The cities we live in are as much a part of the natural world as we allow them to be. Open your eyes to the world outside your window or door. You don’t have to travel very far. As long as there is sunshine, some plants, a tree and soil, there is bound to be life. They may not seem as glamorous as tigers, herds of deer or elephants but they are an equally critical part of the ecosystem. Observing and encouraging them builds a keener interest in animal behaviour, in the natural world, a world that is under attack from all sides.
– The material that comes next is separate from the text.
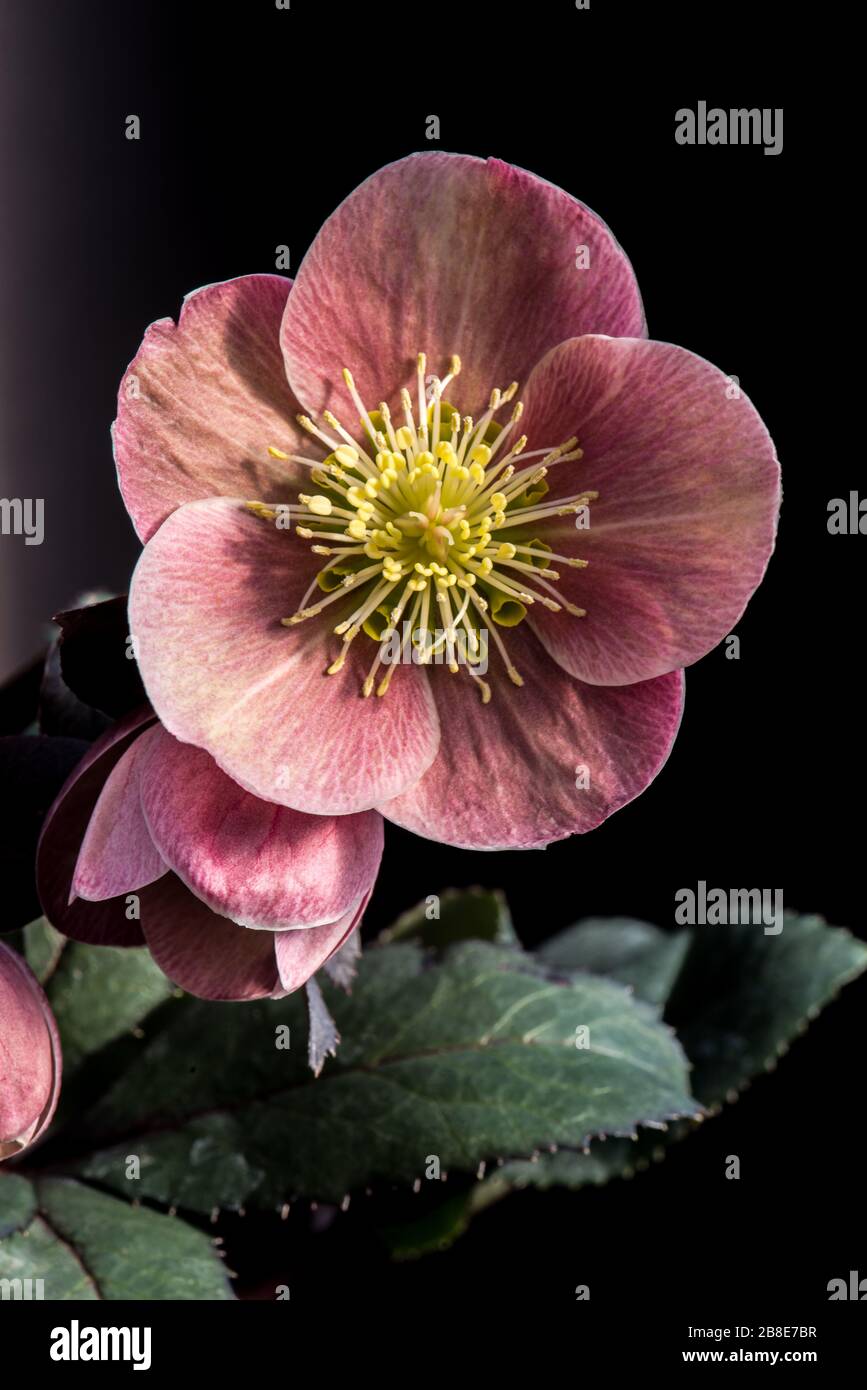 Frost flower plant hi-res stock photography and images - Alamy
Forget all that, observing them enriches our lives as we appreciate and marvel at them; we are a part of the natural world too, a world that is not far – just open your door and your eyes.

Exercises

  1. Make a checklist of as many categories as you can think of: birds, insects, mammals, reptiles, amphibians, molluscs – walk around your neighbourhood – make a round of at least one square kilometre and list the various animals and birds you see. Don’t leave out butterflies! Look into trees, open grounds, nallahs. Take a pair of binoculars and a simple camera if you like to record your finds.
  2. Create a butterfly garden. This can be done even if you have a small balcony with sunlight. Flowering plants like ixora and hibiscus are a good start. Make a list of plants that attract butterflies and ask your friends for cuttings or go to a nearby nursery to buy plants that you can pot in your balcony. Here’s an interesting blog link to help you get started. http://indigarden.blogspot.nl/2010/05/butterfly-garden.html.
  3. Do you have snails in your garden? Or school ground? Watch how they move, do they have feet? What is the trail they release as they move? How do you think this helps them? Why do we say ‘at a snail’s pace’ to describe slowness? Take a stopwatch and time how long it takes for a snail to get from point a to point b. Measure the distance travelled. Fair warning: this takes a lot of patience.
  4. Build a web of life with the animals you spot around your neighbourhood. Create a small team, combine your lists of animals you have found and try to figure out how they all fit into the ecological web. If one of them were to be exterminated, what would the impact be? For example, frogs eat mosquitoes – so the absence of frogs in an area could lead to a greater incidence of mosquitoes and thus mosquito related illnesses.
  5. Talk to the older residents of your neighbourhood – people who are not just older, but have lived in the area for at least 30-40 years. Ask them what kind of animals they used to see frequently. You may be surprised by their answers and realize that the jungle was nearer than you thought it was!